(Records to process Opens)

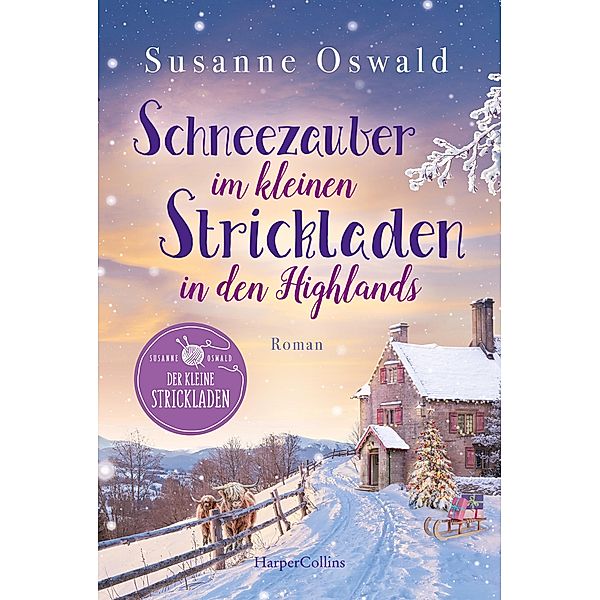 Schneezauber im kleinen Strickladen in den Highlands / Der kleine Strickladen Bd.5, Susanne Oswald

(Records to process Closes)
(Records to process Opens)

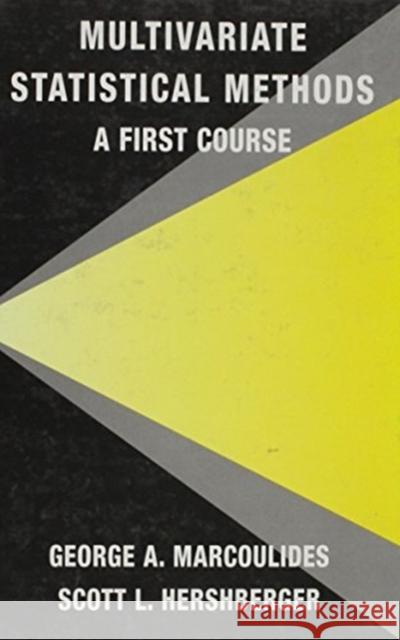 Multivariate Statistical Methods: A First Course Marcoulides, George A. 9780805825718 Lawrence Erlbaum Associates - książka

(Records to process Closes)
(Records to process Opens)

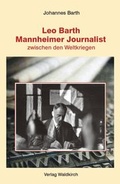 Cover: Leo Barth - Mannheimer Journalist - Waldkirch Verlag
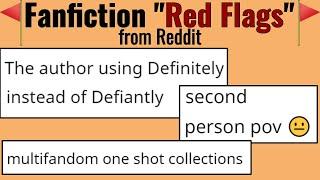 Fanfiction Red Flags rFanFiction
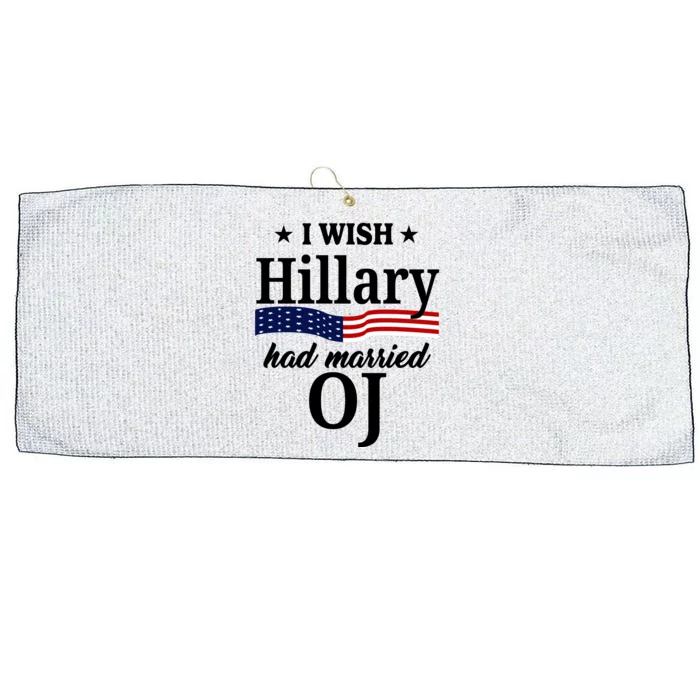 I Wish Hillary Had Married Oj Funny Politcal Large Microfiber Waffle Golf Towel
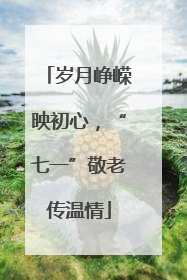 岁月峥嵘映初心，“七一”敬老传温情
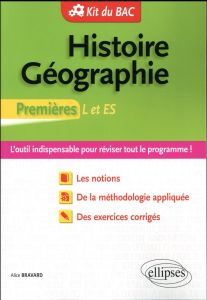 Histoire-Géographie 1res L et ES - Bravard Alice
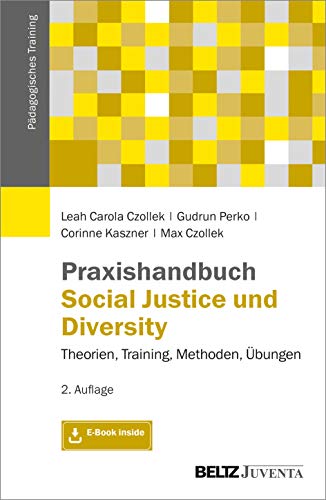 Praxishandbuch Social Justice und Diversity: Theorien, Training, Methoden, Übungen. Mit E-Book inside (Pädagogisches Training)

(Records to process Closes)

- **Your objective**
Start at the line above containing "Histoire-Géographie 1res L" and stop at the line containing "Praxishandbuch Social Justice": print those lines and everything between them exactly, but not the pictures.

- **Response**
 Histoire-Géographie 1res L et ES - Bravard Alice
 Praxishandbuch Social Justice und Diversity: Theorien, Training, Methoden, Übungen. Mit E-Book inside (Pädagogisches Training)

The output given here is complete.